Was das Netz der Netze zusammenschweißt: Routing

Das Internet ist ein Netz der Netze. Der Klebstoff, der es zusammenschweißt, ist die Kooperation der Netzbetreiber und das sogenannte Interdomain Routing mit dem Border Gateway Protocol (BGP). Damit werden die Verkehrsflüsse zwischen und durch die Netze organisiert. Wir beschreiben in der FAQ, wie Routing funktioniert und was geschieht, wenn es nicht mehr funktioniert oder als Waffe eingesetzt wird.


Warum heißt das Internet Netz der Netze?

Das Internet ist ein freiwilliger Zusammenschluss vieler lokal aufgebauter Netze, daher wird es Netz der Netze genannt. Innerhalb eines Local Area Networks, eines LAN, können Geräte direkt angesprochen werden (über die MAC-Adresse, die für jedes Gerät eindeutig ist). Schon für Verbindungen zwischen mehreren LANs braucht man aber einen Router. Intern kann sich das Netz autonom organisieren, dafür gibt es verschiedene Protokolle, neben Internal BGP auch Open Shortest Path First (OSPF). Um dieses Netz mit anderen, externen Netzen, und damit dem Internet zu verbinden, müssen sozusagen „Verkehrsverbindungen“ mit anderen Netzen aufgebaut werden. Man spricht vom Routing - genauer gesagt vom Interdomain Routing, also der "Verkehrsleitung" zwischen den Netzen verschiedener Netzbetreiber. Dafür wird fast ausschließlich External BGP verwendet. Das Internet wuchs durch den Anschluss von immer mehr lokalen Netzen quer durch den Globus, und wächst auch heute noch weiter. Das Internet funktioniert, weil alle beteiligten Netze sich an einen Minimalkonsens bezüglich der technischen Richtlinien halten, aus dem Interesse heraus, dass das Netz funktioniert. Eine Routingpolizei, die Verfehlungen verfolgt oder gar eine zentrale Autorität, die den Zugang gestattet oder entzieht, gibt es nicht.
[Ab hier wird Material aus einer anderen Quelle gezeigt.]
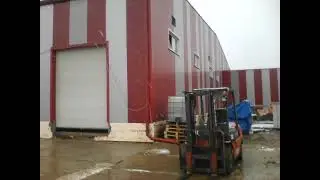 Территория в Домодедово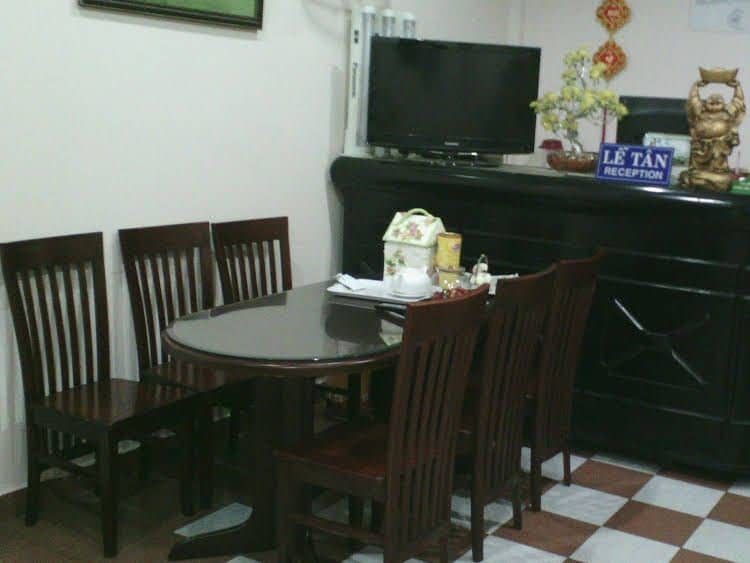 Tien Dinh Hotel Tien Dinh Hotel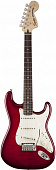 Fender Squier Standard Stratocaster FMT RW CRT электрогитара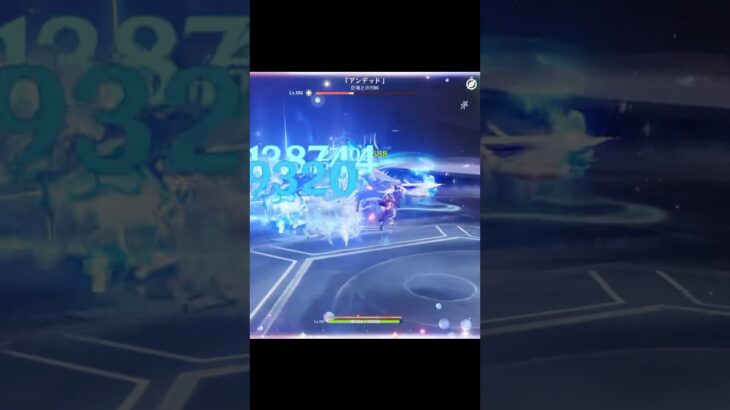 【原神】スカークが無凸でも強すぎる！！#原神 #スカーク #最強キャラ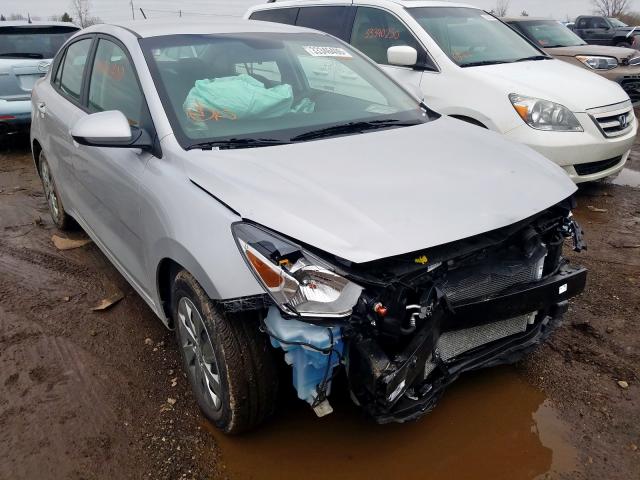 KIA RIO S 2019 3kpa24ab3ke194992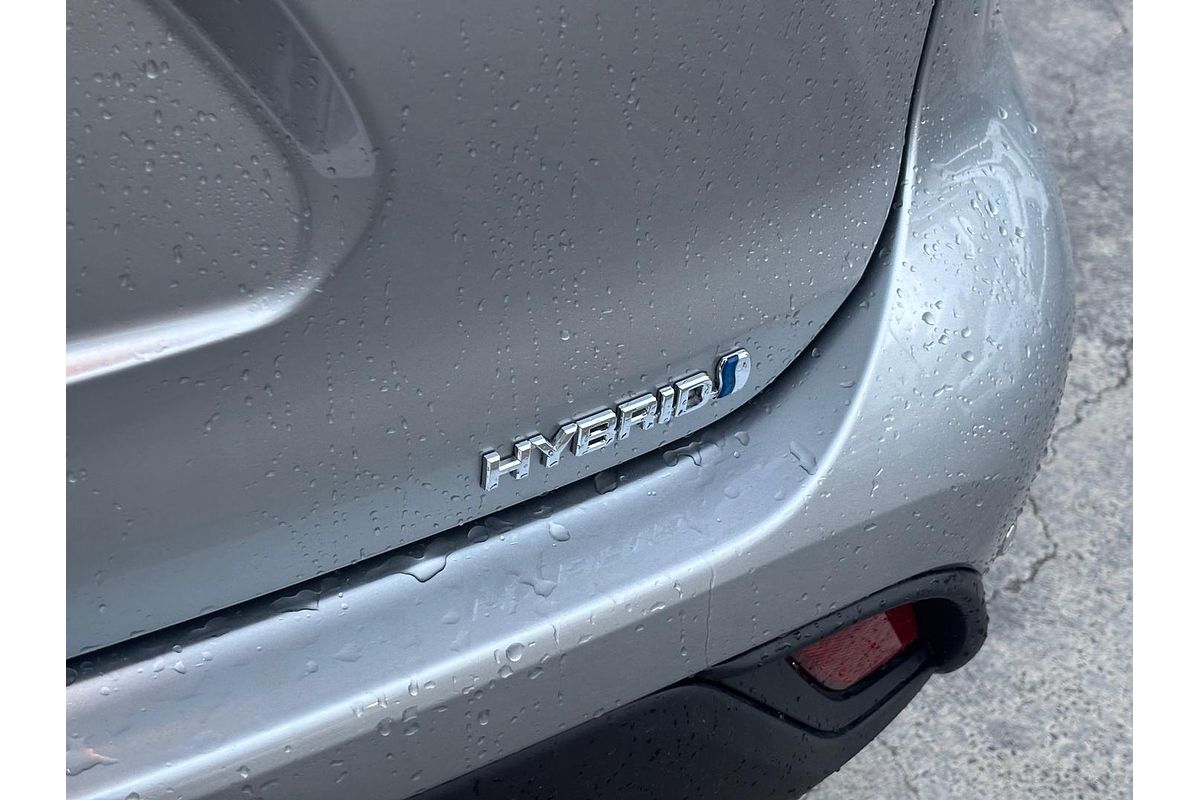 2024 Toyota Kluger GX AXUH78R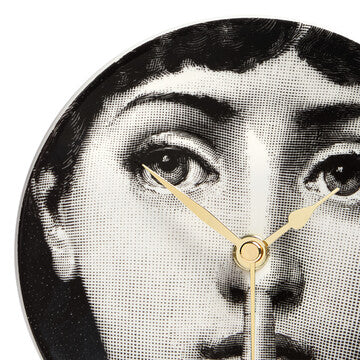 Fornasetti Desk / Bedside Clock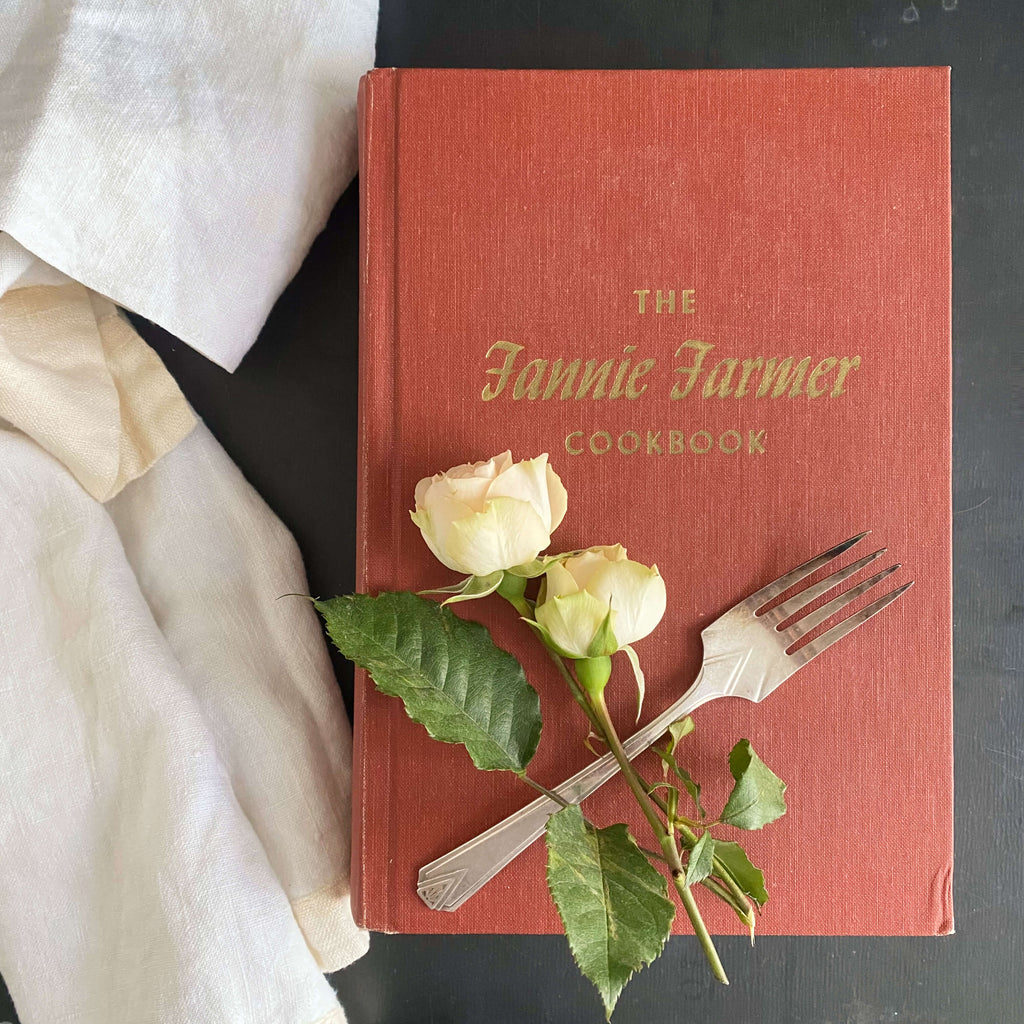 The Fannie Farmer Cookbook - 1965 Edition 11th Printing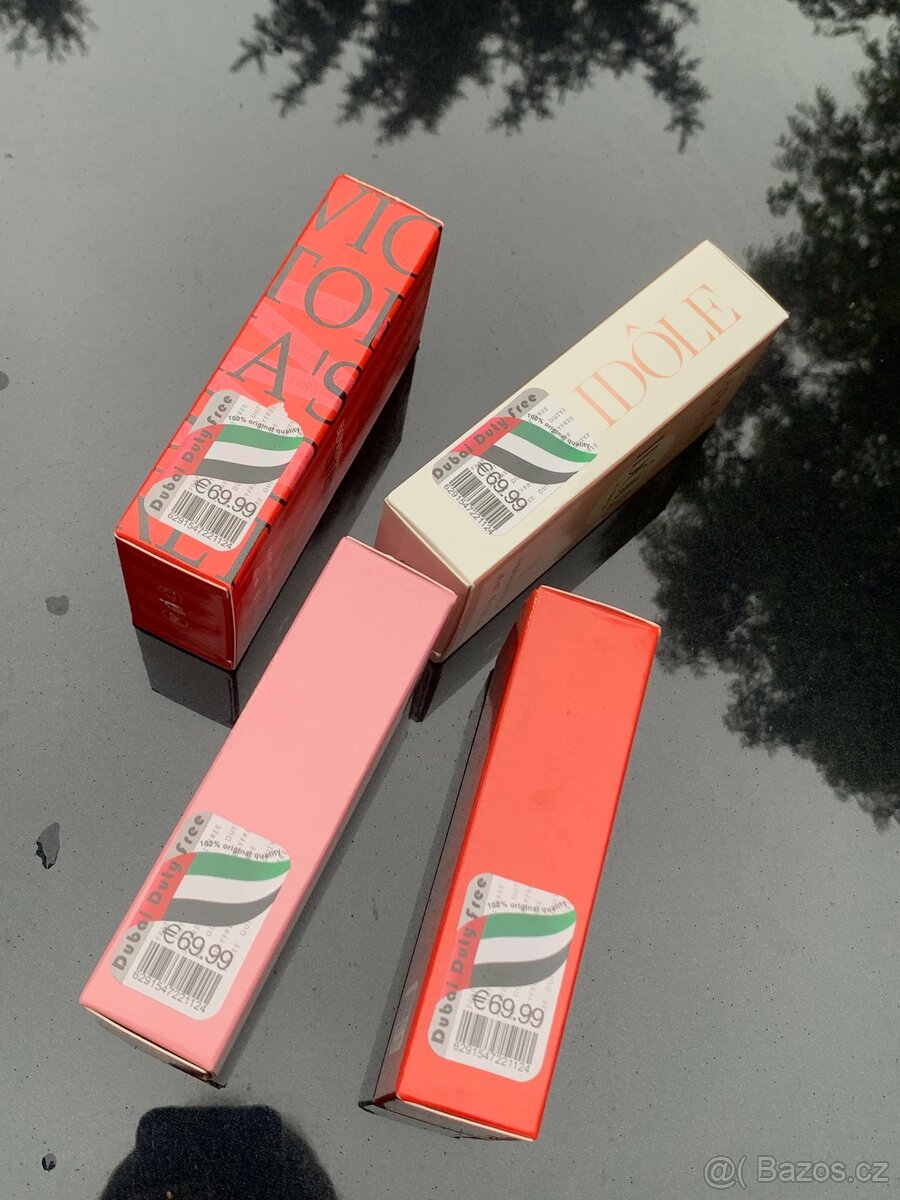 Parfemy My Way, Bomshell, Si, Idole - 5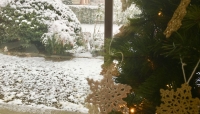 Un buongiorno con la neve -  mandate i vostri risvegli innevati a redazione@gazzettadellemilia.it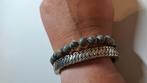 Armband van het merk JOSH, Sieraden, Tassen en Uiterlijk, Ophalen of Verzenden, Zo goed als nieuw, Zilver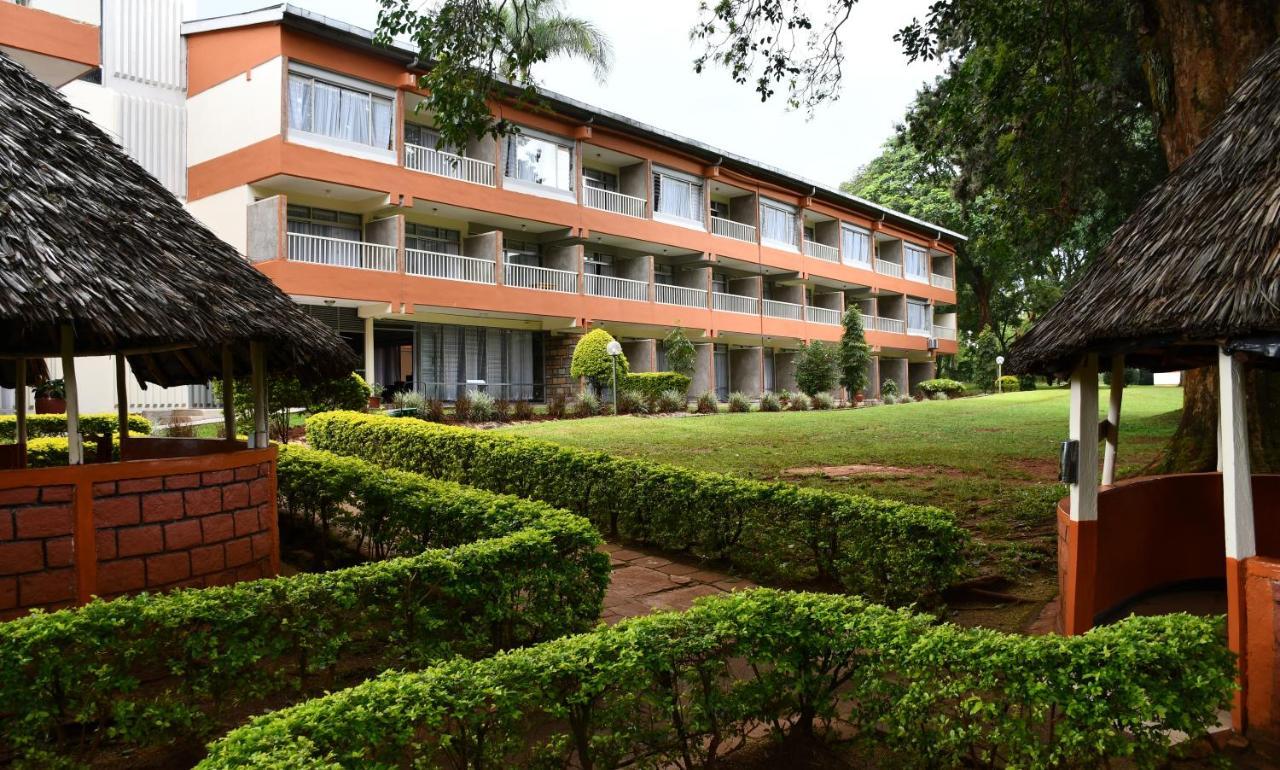 Golf Hotel Kakamega ภายนอก รูปภาพ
Das macht auch effektiven Sanktionen sehr schwierig.


Wie wird der Anschluss ans Netz organisiert?

Ein Netz, das sich direkt, also nicht über einen Dritten, ans Internet anschließen will, nennt man ein autonomes System (Autonomous System, AS). Es tritt gegenüber anderen Netzen unter einer Nummer, der Autonomous System Number (ASN) auf. Das größte AS in Deutschland, die Deutsche Telekom (DTAG), firmiert beispielsweise unter https://www.peeringdb.com/net/196:AS3320. Ein kleines ist zum Beispiel AS213238 - das gehört dem Bundesministerium des Innern.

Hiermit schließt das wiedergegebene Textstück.